As emendas Pix permitem transferências diretas de verbas federais a estados e municípios, sem identificação do autor da indicação ou rastreabilidade do uso do dinheiro. Em 2024, o STF restringiu esse modelo e passou a exigir critérios mínimos de transparência.
A decisão de Dino atende a auditorias da Controladoria-Geral da União (CGU), que apontaram indícios de irregularidades em nove cidades. Apenas São Paulo não apresentou problemas.
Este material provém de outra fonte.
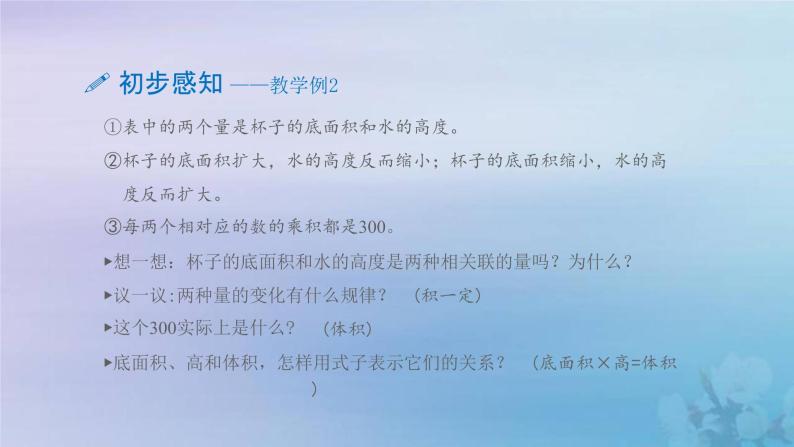 新人教版六年级数学下册4比例6反比例的意义课件105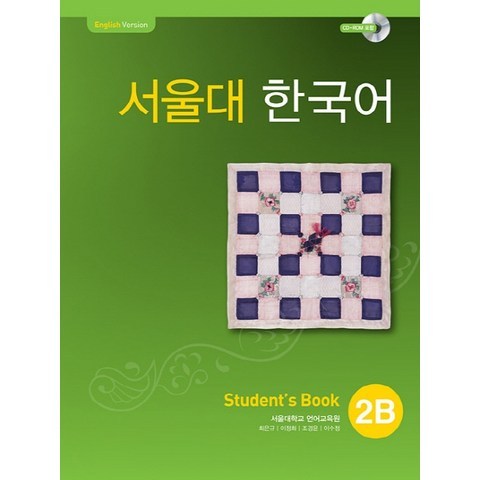 서울대 한국어 2B Students Book, 투판즈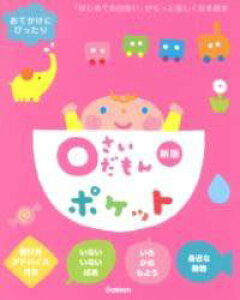 [] 0|PbgVŁy10,000~ȏ㑗z([TC_|PbgVp)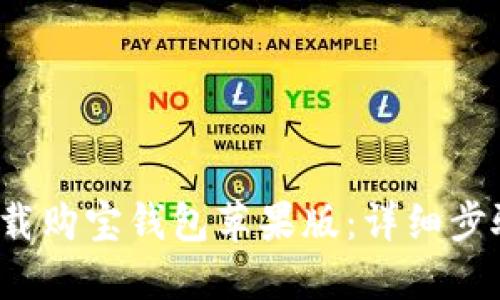  如何下载购宝钱包苹果版：详细步骤与技巧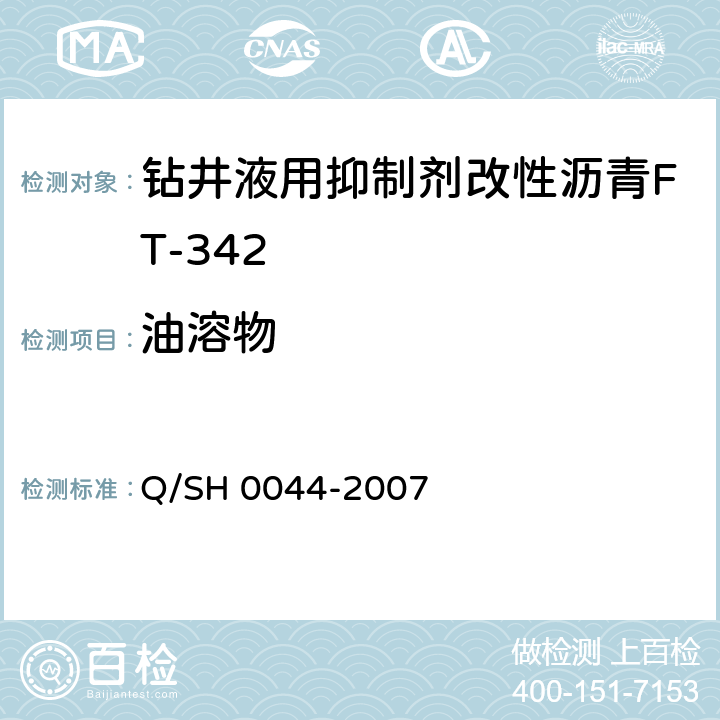 油溶物 钻井液用改性沥青FT-342技术要求 Q/SH 0044-2007 4.3.6
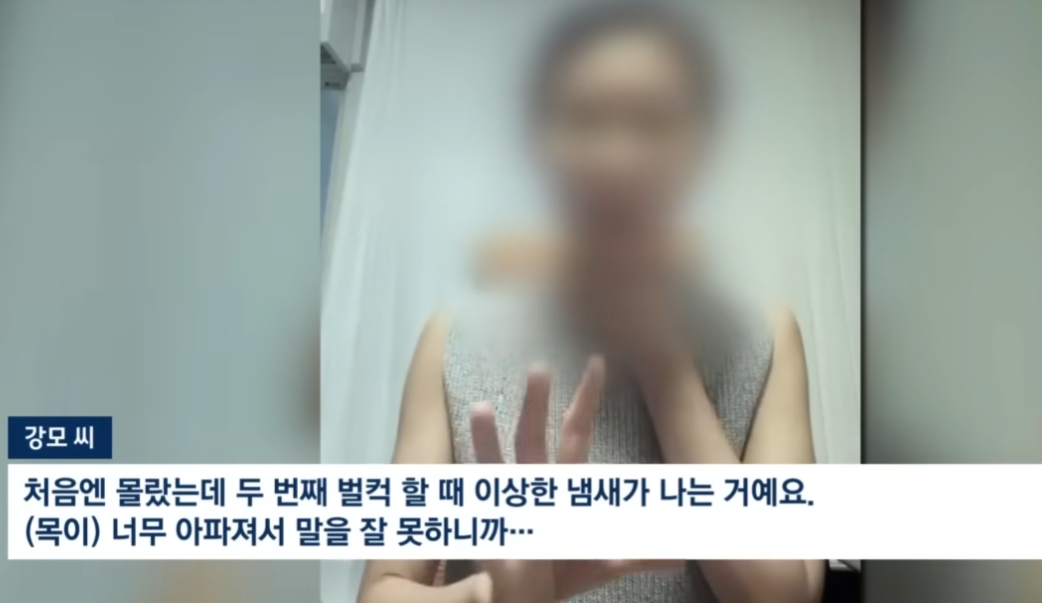 일본 도쿄 긴자 락스물 식당 한국인 피해자 인터뷰
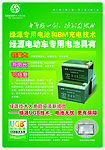 B05历程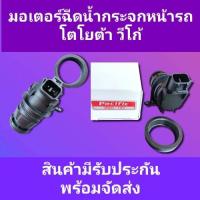 ราคา มอเตอร์ฉีดน้ำฝน มอเตอร์ฉีดน้ำกระจกหน้ารถยนต์วีโก้ TOYOTA VIGO VIOS FORTUNER YARIS ALTIS80AVANZA 12 v 350A (15521593540)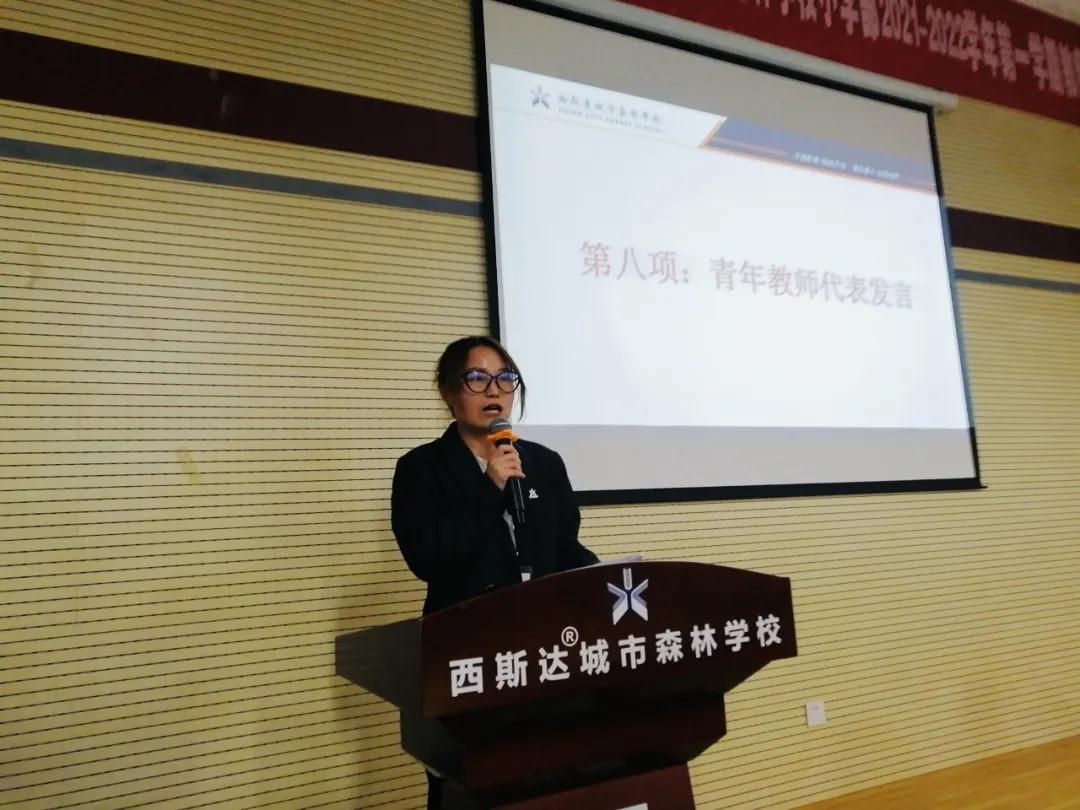 304am永利集团官网(中国)有限公司-Official Website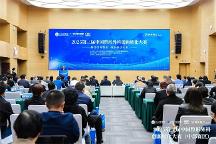 北京大興舉行2025第三屆中國整形外科創(chuàng)新轉化大賽中部賽區(qū)決賽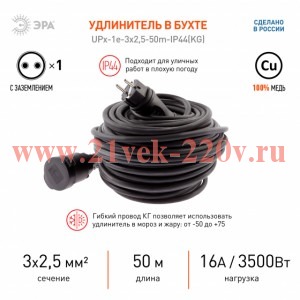 ЭРА Удлинитель силовой UPx-1e-3x2,5-50m-IP44(KG) в бухте с заземлением 1 розетка 50 м КГ 3х2,5мм2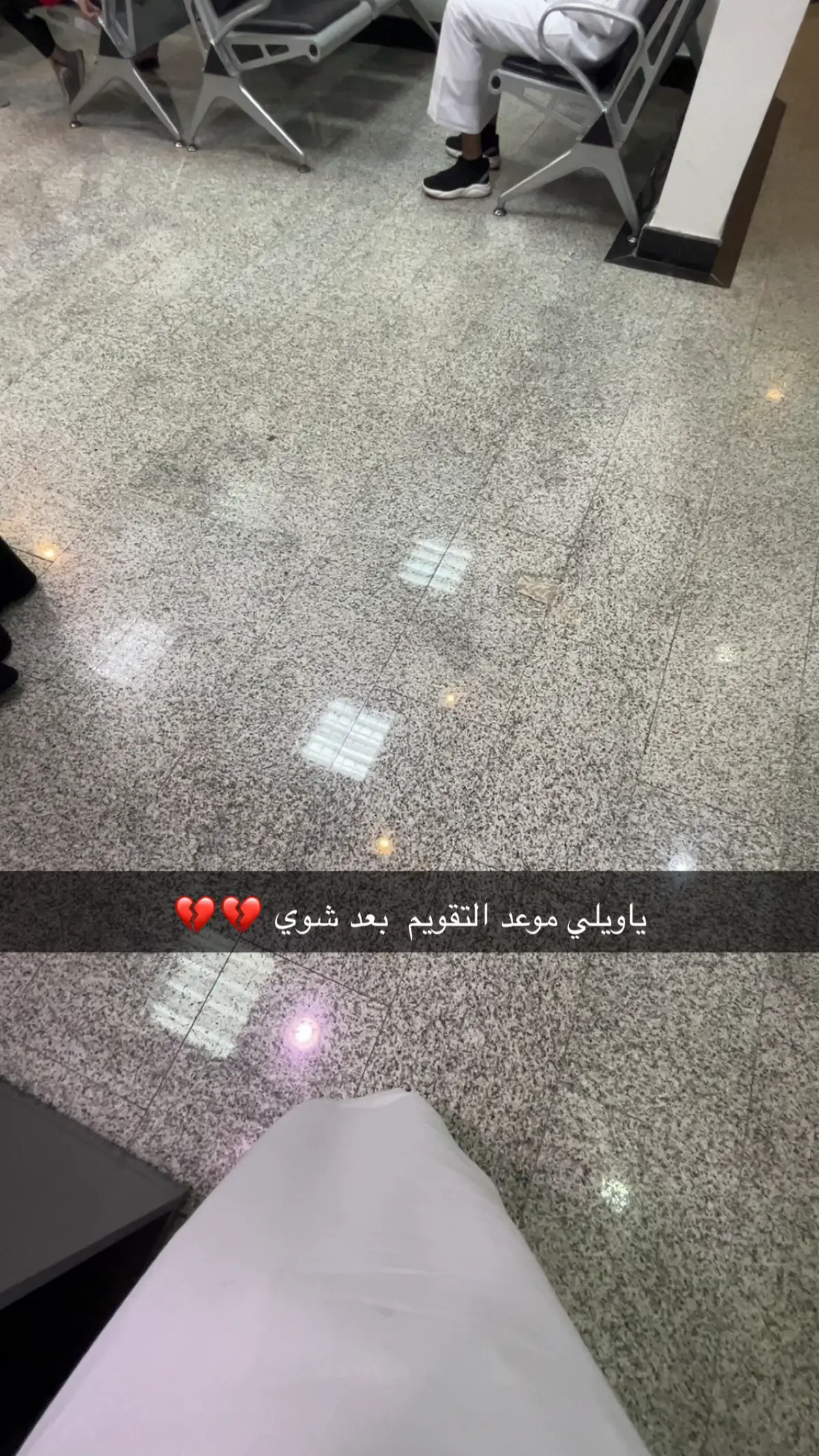 #اخ #مضيوم #4u #foryou #explore 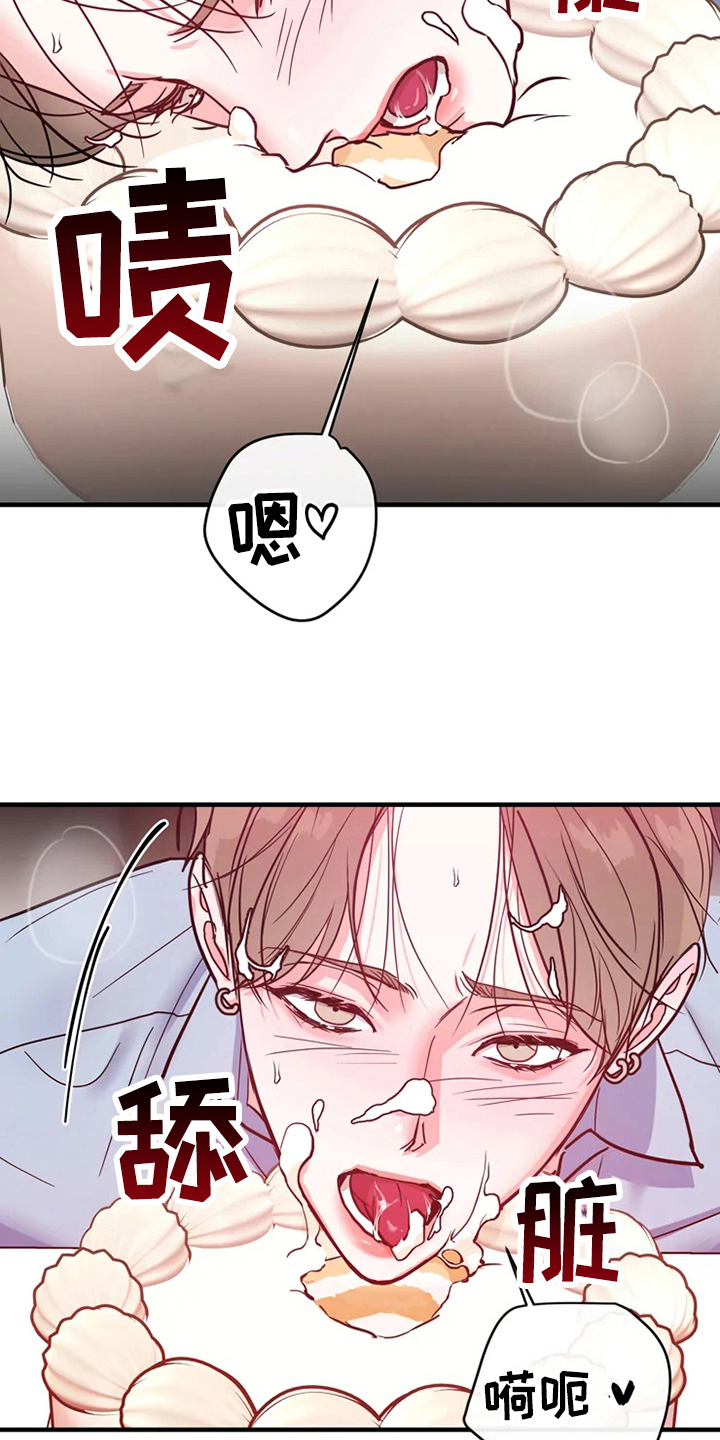 偷心花园漫画,第77章：危险直播：爆发2图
O ministro determinou que a Polícia Federal abra inquéritos por estado para apurar crimes como peculato, corrupção e emprego irregular de verbas públicas.
Além disso, Dino ordenou que informações do Tribunal de Contas da União (TCU) sobre repasses de R$ 85 milhões em emendas sem plano de trabalho sejam analisadas pela PF.
Irregularidades apontadas
Segundo a CGU, os problemas encontrados incluem obras paralisadas, ausência de documentos, falta de rastreabilidade e suspeitas de superfaturamento. As cidades listadas são:
- Carapicuíba (SP) – falhas em licitação;
- São Luiz do Anauá (RR) – obras paralisadas;
- São João de Meriti (RJ) – indicativos de superfaturamento;
- Iracema (RR) – execução fora das especificações;
- Rio de Janeiro (RJ) – indícios de superfaturamento;
- Sena Madureira (AC) – ausência de comprovantes de entrega;
- Camaçari (BA) – desvio do objeto contratado;
- Coração de Maria (BA) – empresa sem comprovação de capacidade técnica;
- Macapá (AP) – indicativos de superfaturamento.
Entre 2020 e 2024, mais de R$ 17,5 bilhões foram repassados por meio desse mecanismo.